Александр Трофимов – Згниле-Блота (страница 4)

18

Пан Ян замолчал и отхлебнул чаю. Руки его, державшие кружку, дрожали мелкой, неприятной дрожью.

- Я не суеверен, святой отец, - сказал он наконец, ставя кружку на стол и прижимая ладони к коленям, чтобы унять дрожь. - Вы меня знаете. Я не верю в домовых, в русалок, в ведьм на помеле. Я верю в факты, в доказательства, в логику. Но когда я шёл обратно, а шёл я очень быстро, поверьте, - я чувствовал, что за мной кто-то смотрит. Не человек. Не зверь. Что-то другое. Что-то, что было там задолго до нас и будет там после нас. Вы ведь знаете, кто эта старуха?

Я знал. Это была Бабця-Корень - знахарка, о которой я не любил говорить, и которую я, признаться, побаивался, хотя как пастырь не должен бояться ничего, кроме Господа. И слова её меня встревожили сильнее, чем я хотел показать.

- Пан Ян, - сказал я, стараясь, чтобы голос звучал твёрдо, - пообещайте мне, что больше не будете ходить через болото. Даже днём. Даже в компании. Даже с ружьём.
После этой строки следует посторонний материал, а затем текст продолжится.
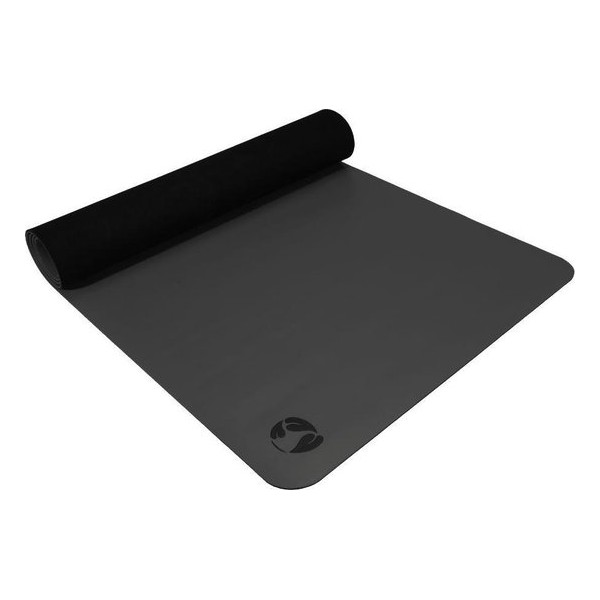 Ecoyogi PRO Grip mat - Antraciet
- Обещаю, - ответил он, и я увидел в его глазах облегчение - Но, святой отец, что она имела в виду? Что должно начаться? И когда?

Я не ответил. Я и сам не знал. Но уже через две недели, когда кузнец Марек въехал в деревню на своей телеге, а рядом с ним сидела она, я вспомнил слова старой знахарки.

Об Агнешке до её появления в Згниле-Блотах я немногое знаю. То, что узнал от неё самой, в тот единственный раз, когда она пришла ко мне не для исповеди, а для разговора, который я до сих пор не могу назвать ни таинством, ни беседой, ни чем-либо ещё. То, что пересказала мне Марта, перед отъездом. И то, что удалось выведать у старых людей в Кракове, куда я съездил спустя год после всех событий, надеясь отыскать следы.

Её мать, Хелена, была знахаркой, лечила травами, принимала роды, заговаривала кровь. Жила она в предместье Кракова, в маленьком домике с палисадником, где росла рута и ещё какие-то травы, которым простые люди не знают названий. Отец Агнешки умер, когда девочке было семь лет. Утонул в Висле, по пьяному делу, как говорили соседи, хотя сама Агнешка всегда утверждала иное. После смерти мужа Хелена замкнулась, перестала принимать пациентов и всё свободное время проводила в молитвах. Она боялась того, что дремало в её дочери, той крови, того самого дара, который передавался из поколения в поколение, от прабабки Марианны, умевшей входить в сны. Агнешка росла, не зная о своих способностях, или зная, но пряча их так глубоко, что сама забыла о них. До тех пор, пока не встретила Марека.

Кузнец Марек, мужик плечистый, статный, и руками, что гнули подковы, как ветки, уехал в Краков продавать плуги собственной работы. Дело своё он знал отменно, и железо в его руках становилось послушным, как тесто, и на всю округу славились марековы серпы, что не тупились даже после жатвы, и марековы гвозди, что не гнулись даже в дубовой доске. Я знал его как человека честного и набожного без показухи: он приходил на мессу каждое воскресенье, стоял у стены, сложив свои огромные руки, и слушал проповедь с таким вниманием, что я порой смущался, мне думалось, мои слова слишком просты для такого сосредоточенного слушателя. Уехал он в начале августа, а вернулся под самый Покров, и вернулся не один.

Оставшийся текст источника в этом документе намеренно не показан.